Précisons de prime abord qu’un électron peut se comporter de deux façons différentes : comme une particule (à la manière d’une balle) ou comme une onde (à la manière des ondulations à la surface de l’eau quand on y lance un caillou). Prenons alors une paroi percée de deux trous, sur laquelle on envoie un faisceau d’électrons. Sur un écran d’observation situé derrière la paroi, on détecte l’impact des électrons qui ont traversé la paroi.
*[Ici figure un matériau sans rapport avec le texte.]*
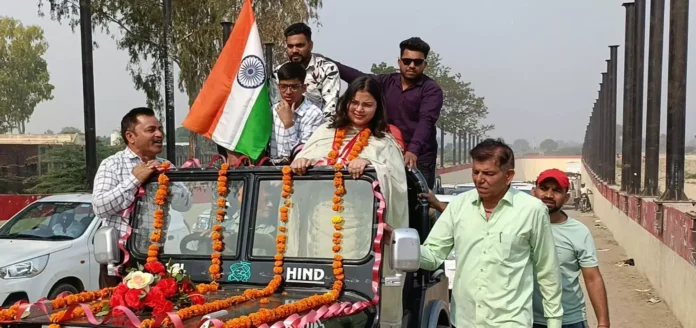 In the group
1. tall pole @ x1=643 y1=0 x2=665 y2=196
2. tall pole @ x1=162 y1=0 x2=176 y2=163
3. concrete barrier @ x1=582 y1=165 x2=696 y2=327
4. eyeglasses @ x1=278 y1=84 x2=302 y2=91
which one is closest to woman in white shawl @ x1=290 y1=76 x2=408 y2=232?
eyeglasses @ x1=278 y1=84 x2=302 y2=91

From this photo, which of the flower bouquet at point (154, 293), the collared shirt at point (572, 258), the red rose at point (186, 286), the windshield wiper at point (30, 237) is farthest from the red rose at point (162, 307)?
the windshield wiper at point (30, 237)

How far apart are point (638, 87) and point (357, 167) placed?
20.1 m

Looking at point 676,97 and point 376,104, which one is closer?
point 376,104

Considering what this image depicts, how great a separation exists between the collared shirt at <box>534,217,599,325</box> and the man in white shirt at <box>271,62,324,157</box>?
186 centimetres

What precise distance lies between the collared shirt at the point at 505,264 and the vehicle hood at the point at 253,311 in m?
0.48

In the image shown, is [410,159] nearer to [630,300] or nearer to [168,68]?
[630,300]

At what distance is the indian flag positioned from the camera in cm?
455

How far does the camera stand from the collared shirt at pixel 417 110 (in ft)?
16.8

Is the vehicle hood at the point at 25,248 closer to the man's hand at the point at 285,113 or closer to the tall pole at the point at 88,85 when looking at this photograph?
the tall pole at the point at 88,85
On observe alors des figues d’interférence caractéristiques de la nature ondulatoire des électrons : tout se passe comme si les électrons étaient passés par les deux trous à la fois (!) comme le ferait une onde lumineuse se propageant dans toutes les directions. Cette découverte a notamment valu un prix Nobel à Davisson et Thomson en 1937. Le plus étonnant dans cette expérience, c’est que si on cherche à savoir par quelque moyen que ce soit, par quel trou l’électron est passé, on détruit les figures d’interférences sur l’écran d’observation. Autrement dit, si on cherche à détecter la position d’un électron et donc si on le force à se comporter comme une particule, il cesse de se comporter comme une onde ! A l’inverse, si on ne l’observe pas et si on laisse libre cours à sa nature ondulatoire, alors les figures d’interférence réapparaissent et les électrons recommencent à « passer par les deux trous à la fois » ! Ici les électrons se comportent comme de petits lutins malicieux qui changent de comportement en fonction de s’ils sont regardés ou non… Une pudeur de l’électron se laisse entrevoir dans ces taquineries quantiques.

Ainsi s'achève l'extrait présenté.